**Task goal**
Pictures aside, the output must consist of the lines from the one containing "Image for 2020 Nissan Juke 1.0 SV 4DR" through the end of the data, reproduced exactly.

◇ ◇ ◇

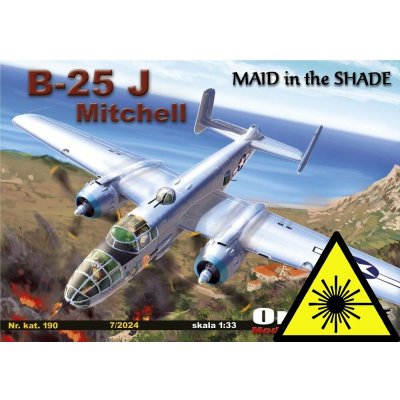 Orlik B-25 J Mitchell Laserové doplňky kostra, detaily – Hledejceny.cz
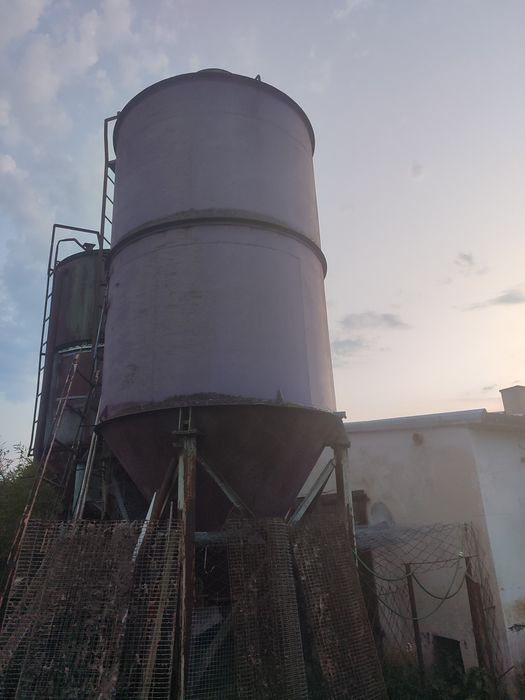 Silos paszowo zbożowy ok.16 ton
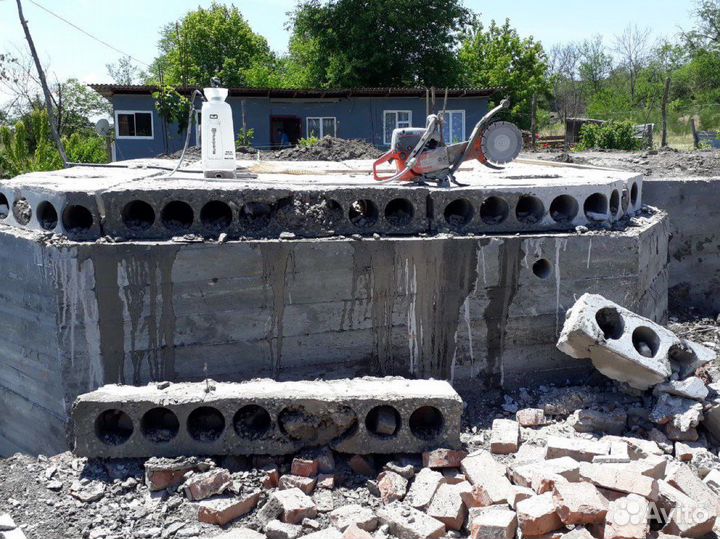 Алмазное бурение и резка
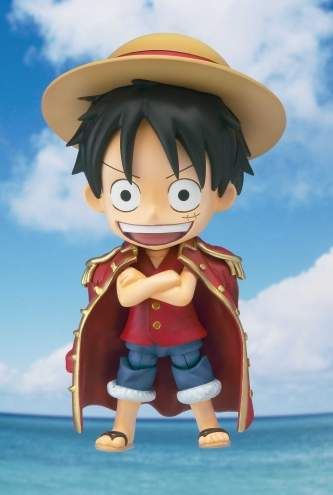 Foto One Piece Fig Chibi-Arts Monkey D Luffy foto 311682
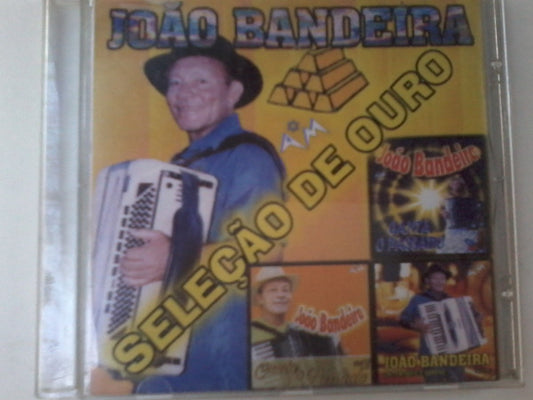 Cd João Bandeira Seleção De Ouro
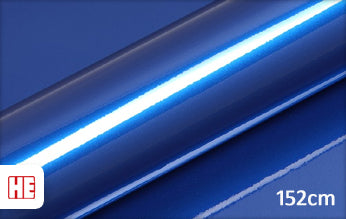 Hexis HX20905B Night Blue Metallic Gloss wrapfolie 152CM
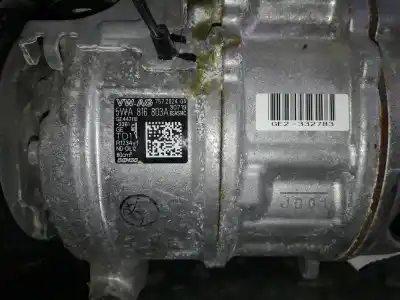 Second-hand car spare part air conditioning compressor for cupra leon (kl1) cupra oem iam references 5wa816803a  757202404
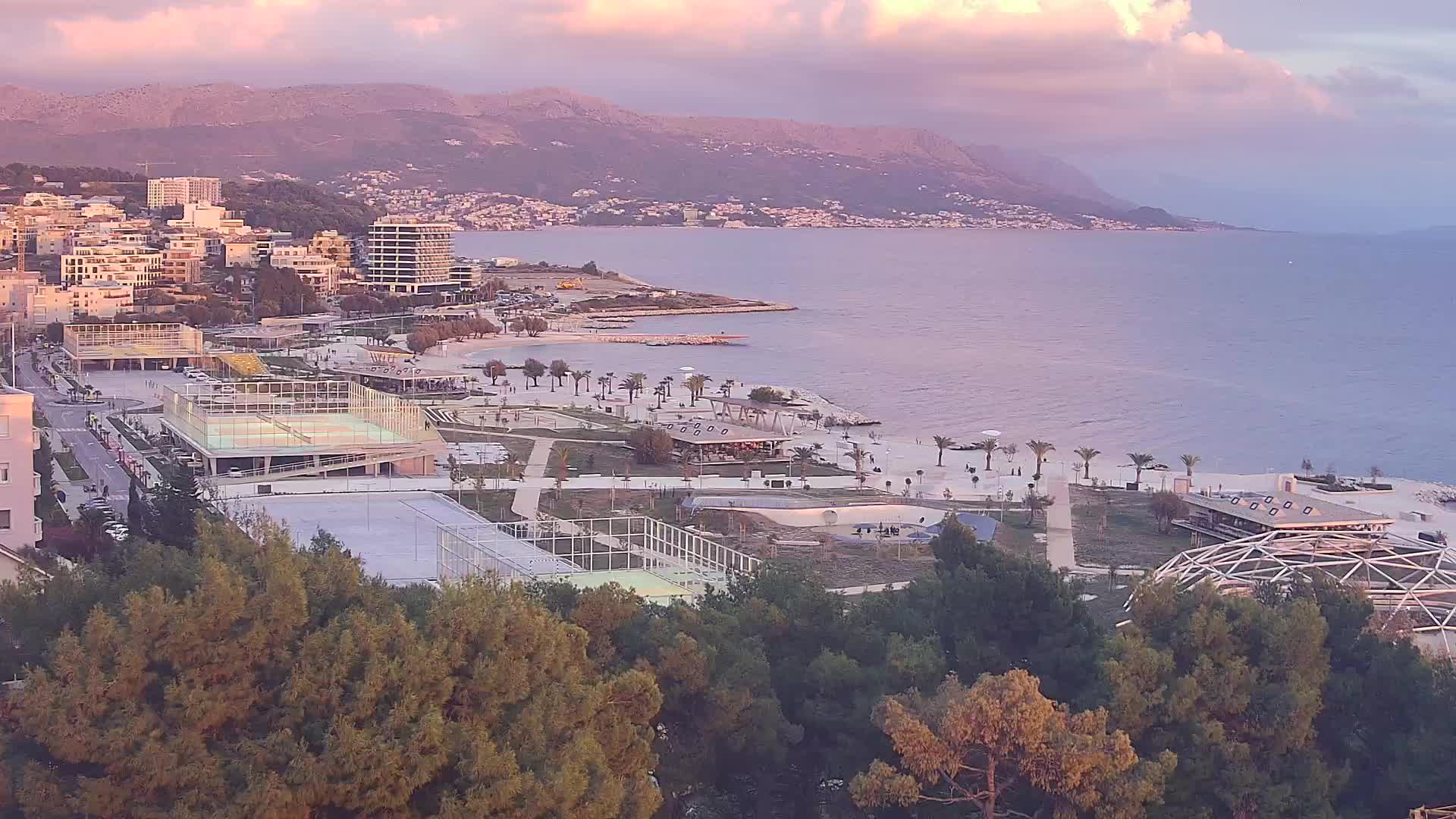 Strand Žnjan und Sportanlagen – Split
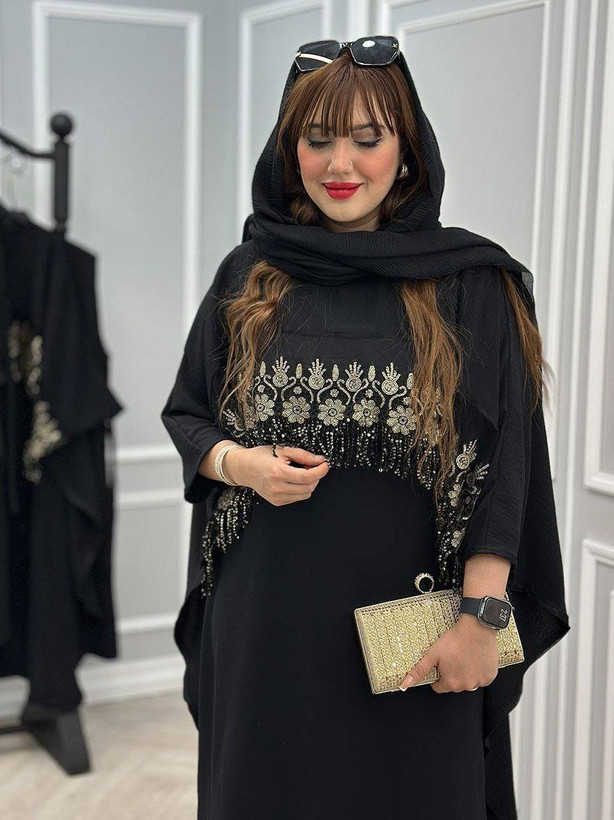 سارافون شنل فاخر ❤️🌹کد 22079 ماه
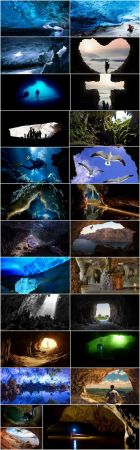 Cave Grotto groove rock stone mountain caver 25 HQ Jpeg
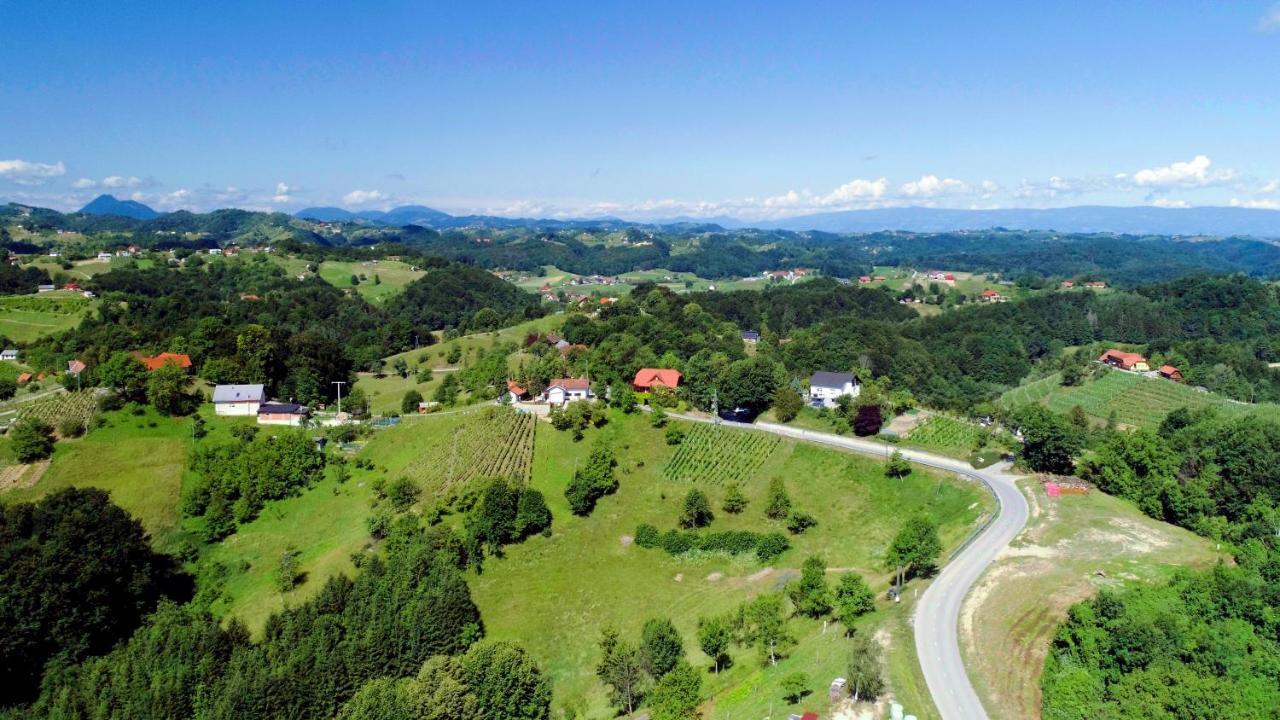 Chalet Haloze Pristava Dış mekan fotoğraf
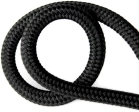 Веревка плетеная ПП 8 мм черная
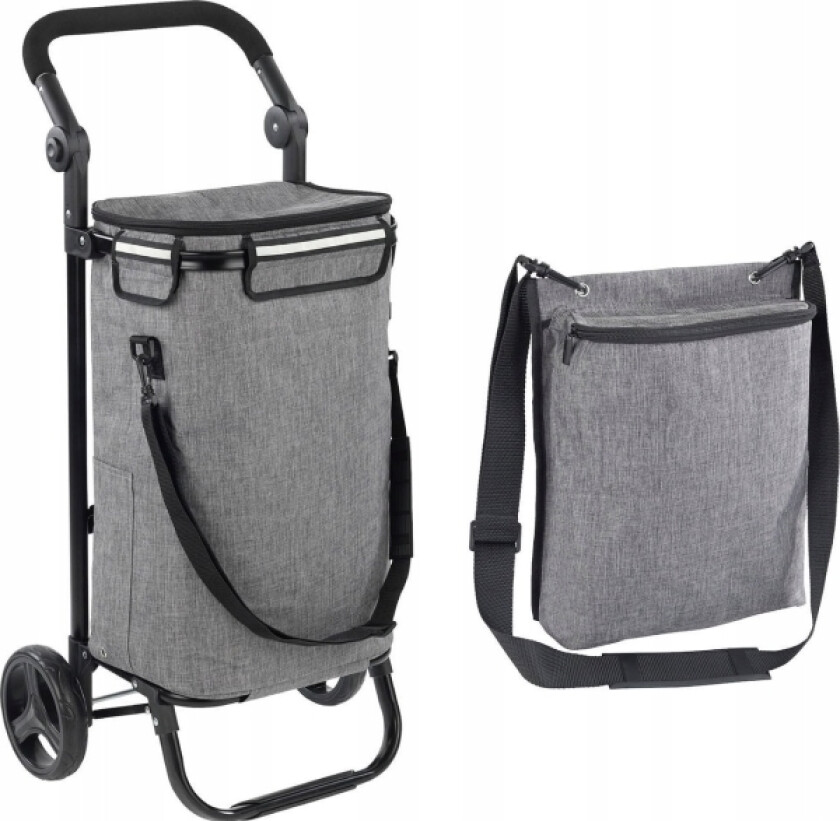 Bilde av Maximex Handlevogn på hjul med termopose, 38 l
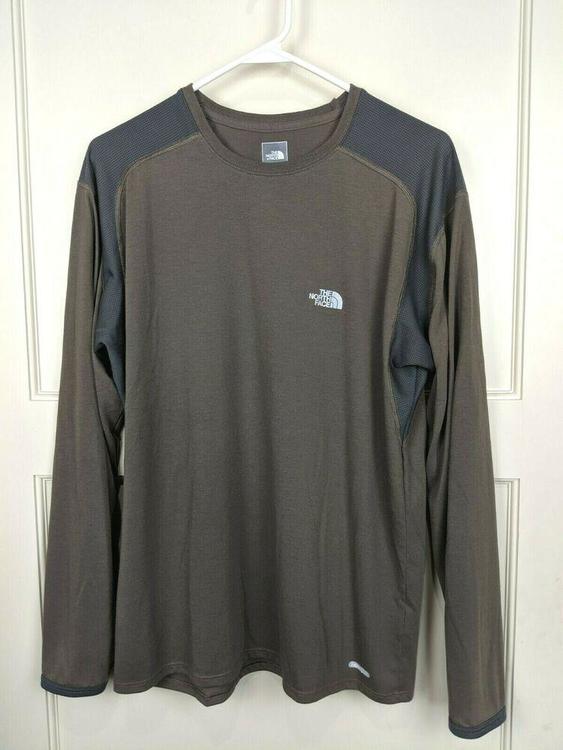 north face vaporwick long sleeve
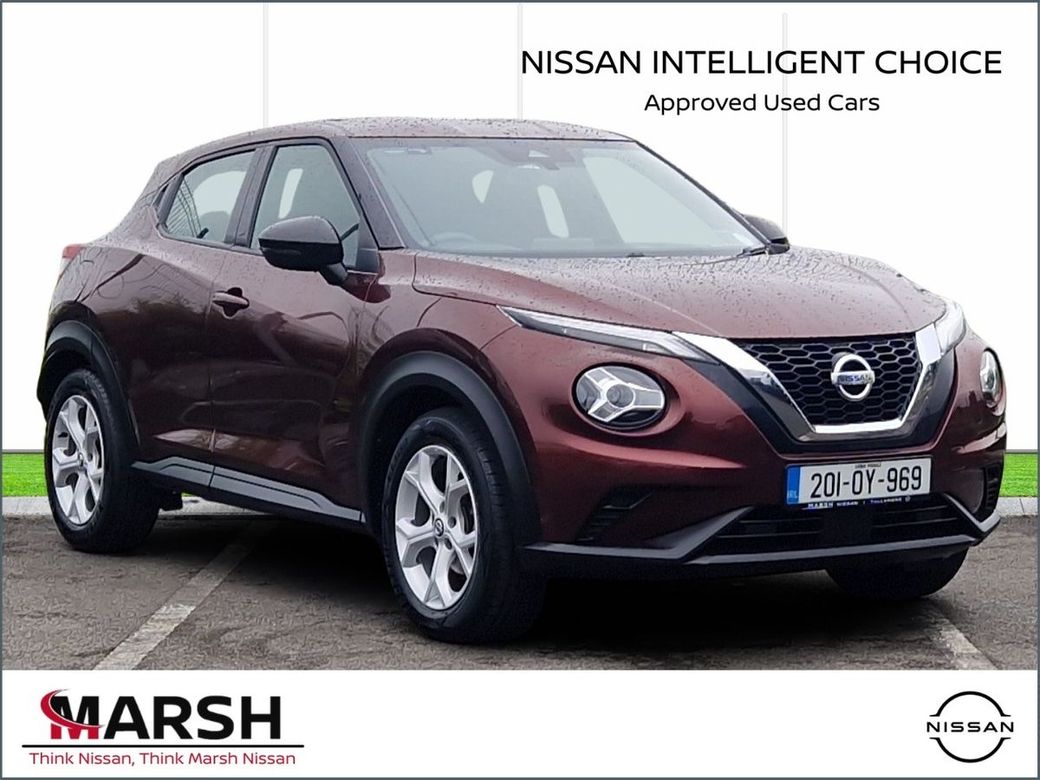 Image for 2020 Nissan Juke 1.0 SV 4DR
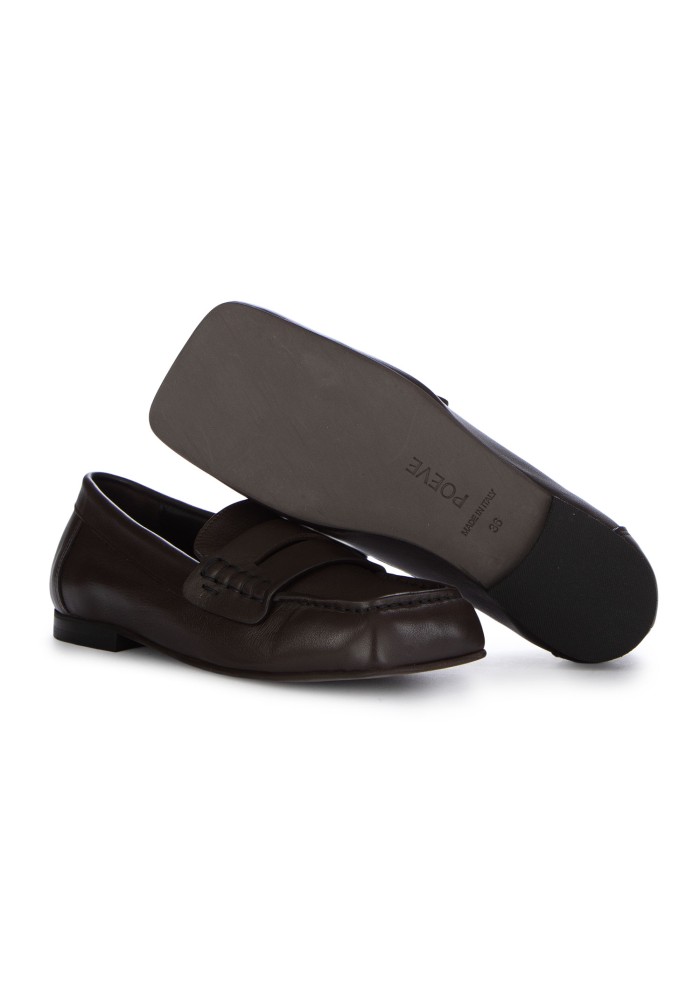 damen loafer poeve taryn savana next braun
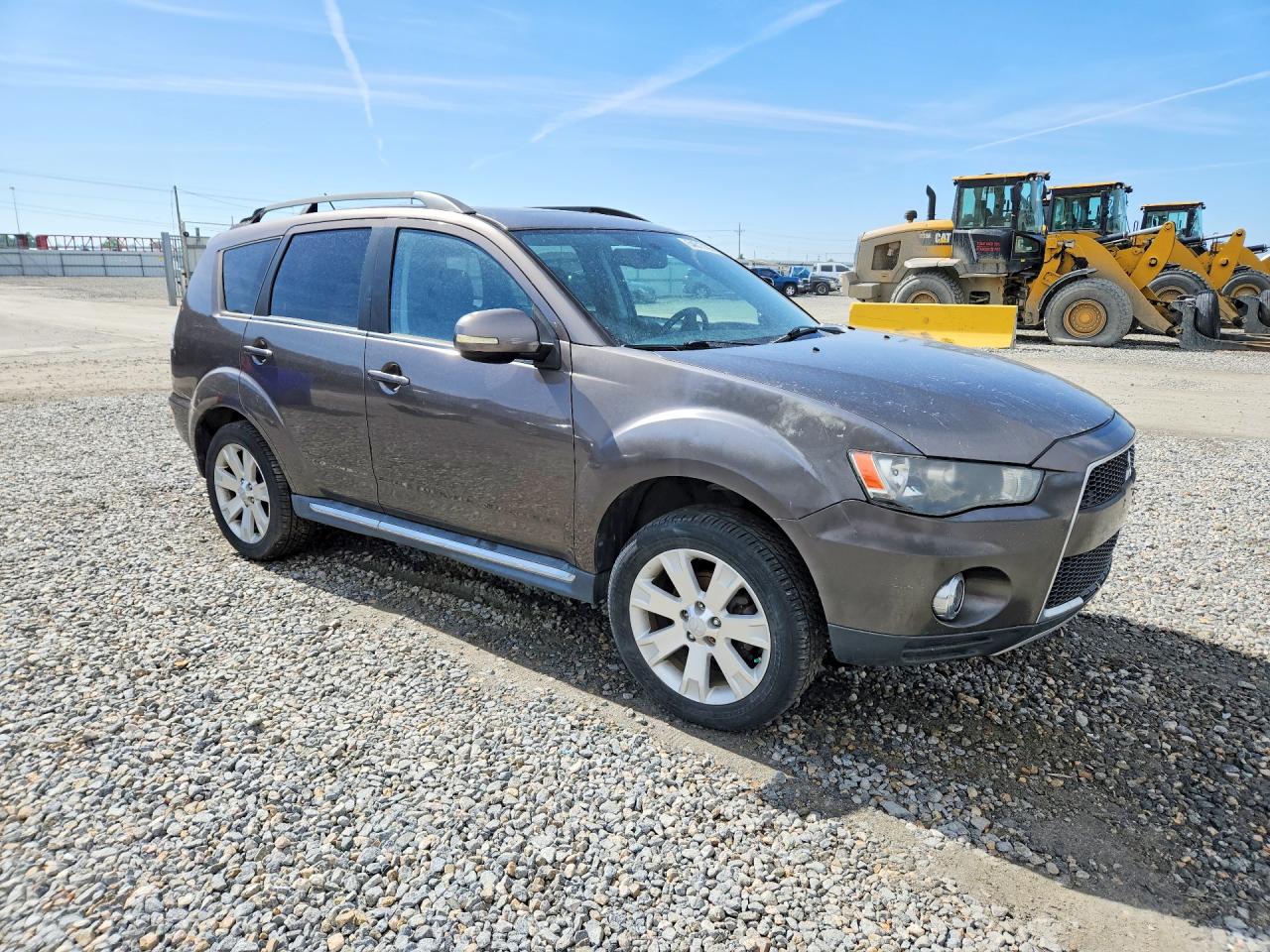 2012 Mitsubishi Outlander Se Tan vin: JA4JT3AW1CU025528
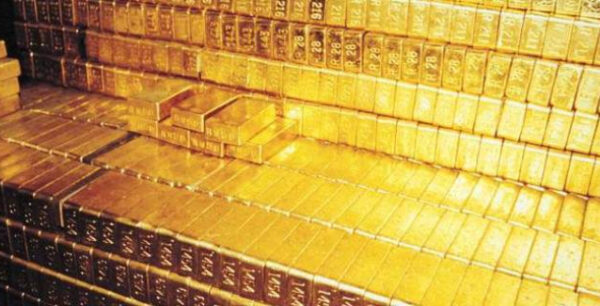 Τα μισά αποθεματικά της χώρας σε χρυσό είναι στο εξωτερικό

◇ ◇ ◇

**Exercise output**
 Image for 2020 Nissan Juke 1.0 SV 4DR
 damen loafer poeve taryn savana next braun
 2012 Mitsubishi Outlander Se Tan vin: JA4JT3AW1CU025528
 Τα μισά αποθεματικά της χώρας σε χρυσό είναι στο εξωτερικό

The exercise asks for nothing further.